第5章 超越者たち ⑧

 ここまでか。こんな生き方をしてるんだ、覚悟が無いわけじゃない。しかしこんな俺を殺す相手が俺を拾ったシオリというのも皮肉なものだ。


 全身の力を抜く。この距離でシオリが狙いを外すわけがない。抵抗しなければ一撃で片がつくだろう。


 ――と。


「! お姉さん!」


「――?」


 栞ちゃんが叫ぶのとシオリが振り返るのは同時だった。そして――


「がはっ!」


 シオリが振り返った姿勢のまま、体をくの字に曲げて横倒しに倒れた。すぐさま起き上がろうとするが何かに抵抗するように床に倒れたままジタバタともがく。
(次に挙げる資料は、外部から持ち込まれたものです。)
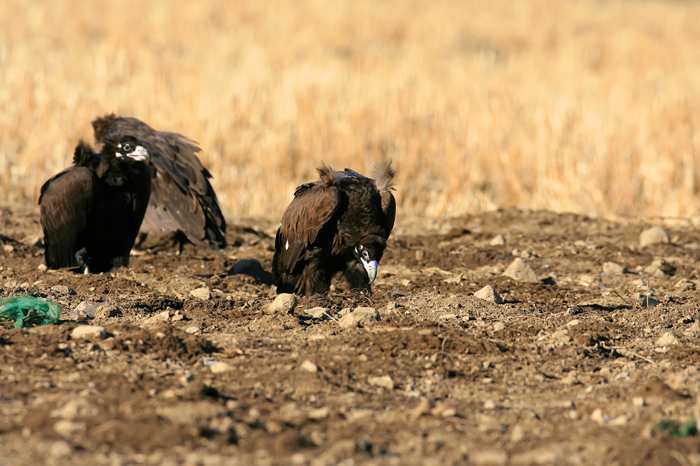  Eurasian black vultures return to Korea in the winter to escape the cold weather. Researchers recently succeeded in analyzing their genetic information for the first time in the world. (photos courtesy of the CHA)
 カズマくんだ。そう直感すると、正解だとばかりにシオリに馬乗りになるカズマくんの姿が現れる。透明化してシオリに一撃入れたのだ。シオリが振り返ったのは、透明化して《夜鷹の縄張り(ホークアイ)》の支配下から逃れたカズマくんを肉眼で補足しようとしたためか。


 馬乗りになったまま、シオリの首元に銃を突きつけてカズマくんが叫ぶ。


「兄さんはやらせねえっ!」


 言いながら引き金に指をかける。だが――


「カズマくん! 避けろっ!」


 俺の言葉にカズマくんは弾かれたように身を反らす。その瞬間轟音が響いた。身を反らしたカズマくんと倒れたシオリの間を、辰神が放った銃弾が駆け抜ける。

 

 的を外した弾丸はそのまま直線上にあった車のタイヤに命中した。タイヤはバーストし、車はがくんと揺れて車高を下げる。


「いい動きするじゃねえか、カズマ」


「クソがぁっ……」


 辰神が向ける銃に動きを止めるカズマくん。シオリはその隙を逃さない。その手の銃をカズマくんの肩に押し当て、引き金を引く。


 鈍い銃声とともに血風が舞った。


「んんっ……!」


 呻き声を漏らしてカズマくんがその場に倒れる。それを億劫そうに押しのけてシオリはむくりと立ち上がった。肩を押さえて呻くカズマくんを見下ろして尋ねてくる。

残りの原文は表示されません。